Silas Loy / 06.07.2021

Diese Plattformen eignen sich für den Austausch von Katzenbildchen oder den Verkauf von Schickimicki, aber nicht für politische Diskussionen, da haben sie sich doch längst disqualifiziert. Genauso wie die Kommentarfunktionen der Leitmedien. Ja, das führt zu inzestiösen Zuständen, aber die zerstören sich dann ja auch automatisch selbst. Man sollte auf sandigen Pachtfeldern keine Furchen ziehen wollen, Sie sind da im falschen Film, sehr geehrte Frau Schunke.

S.Wietzke / 06.07.2021

“Ab und zu frage ich mich auch, ob denjenigen, [...], tatsächlich bewusst ist, was sie damit anrichten. Ob man wirklich so wenig Weitblick besitzen kann, dass man nicht imstande ist, zu erkennen, dass man damit die endgültige Spaltung der Gesellschaft vorantreibt und eine Selbstradikalisierung bei vielen vorprogrammiert ist.” Natürlich ist ihnen das bewusst und auch der Weitblick ist sehr wohl vorhanden. Genau das ist ja das Ziel der Aktion. Mich wundert lediglich das überhaupt noch so viel kritischer Kontent zugelassen wird. Aber bestimmt nicht mehr lange.

H. Krautner / 06.07.2021

” Wer heute über den einen richtet, indem er ihn cancelt, kann morgen schon selbst gecancelt werden” Mag sein, aber morgen ist noch sehr, sehr weit weg. Das links-grüne antidemokratische System ist bereits fest installiert, für mehrere Jahrzehnte. Morgen ist somit noch in weiter Ferne. Bis dahin werden noch sehr viele Menschen mundtot gemacht.
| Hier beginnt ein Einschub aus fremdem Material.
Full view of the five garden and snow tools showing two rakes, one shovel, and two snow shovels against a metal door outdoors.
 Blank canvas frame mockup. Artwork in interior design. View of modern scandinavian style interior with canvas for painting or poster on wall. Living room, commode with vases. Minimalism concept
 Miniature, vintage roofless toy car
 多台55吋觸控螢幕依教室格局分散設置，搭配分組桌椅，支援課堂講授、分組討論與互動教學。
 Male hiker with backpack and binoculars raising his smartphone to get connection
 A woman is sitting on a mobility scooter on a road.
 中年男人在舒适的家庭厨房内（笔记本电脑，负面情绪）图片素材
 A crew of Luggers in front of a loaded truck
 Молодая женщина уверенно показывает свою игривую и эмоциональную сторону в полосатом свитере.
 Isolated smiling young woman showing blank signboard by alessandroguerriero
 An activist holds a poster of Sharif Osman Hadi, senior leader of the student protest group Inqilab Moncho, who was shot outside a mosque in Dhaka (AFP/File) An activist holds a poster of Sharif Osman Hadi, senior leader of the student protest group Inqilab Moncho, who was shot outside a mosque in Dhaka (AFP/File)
Frank Holdergrün / 06.07.2021

Es war leider zu erwarten. Die ClearingStellen im Oberkommando Weltmoral arbeiten unerbittlicher als die Stasi und Gestapo. So schade. Gab es keine Vorbereitungen darauf? Wo können wir jetzt von Ihnen etwas lesen?

Serge Bloyd / 06.07.2021

Mein Bedauern, Frau Schunke! Sie erwähnen nicht, dass für diejenigen, die nicht daran gedacht hatte, ihre Inhalte zu sichern und die dann “deaktiviert” werden (was ein Orwell-Wort, aber irgendwie auch treffend), alle Inhalte auf ewig weg sind. Mir ist das vor rund 2 Monaten mit Facebook so gegangen. Auch erwähnen Sie die Kränkung nicht, die diese MAD-Visage (Zuckerberg) einem zufügt. Was bildet sich diese Kanaille überhaupt ein? Beziehungsweise: warum wurde ihm sein Handwerk gerichtlich noch nicht gelegt?

Hans Benzell / 06.07.2021

“Wer heute über den einen richtet, indem er ihn cancelt, kann morgen schon selbst gecancelt werden. ” Richtig, doch es wird nicht ein anderer Zeitgeist sein, der mit den Canclern aufräumt. Ihre eigenen Herren werden es sein. Man studiere die Geschichte totalitärer Regime, oder schaue nach China. Läuft es schlecht und das Volk murrt, folgen Säuberungswellen beginnend direkt eine Ebene unterhalb der obersten Führung.  Wenn Fratzenbuch wegen zuviel Canceln die Kunden weglaufen, wird der weise Führer dem Volk weismachen, dass subversive Manager, die gegen seine Anweisungen verstoßen haben, schuld sind. Diese werden dann vom Hof gejagt, ohne Goldenen Handschlag, mit einer Schadensersatzklage am Hals. Dem Volk werden dann Bilder gezeigt, wie ehemalige Cancler und ihre Chefs bei der Heilsarmee um eine Suppe anstehen. Immerhin besser als Genickschuss und GULAG, die sind hoffentlich Geschichte.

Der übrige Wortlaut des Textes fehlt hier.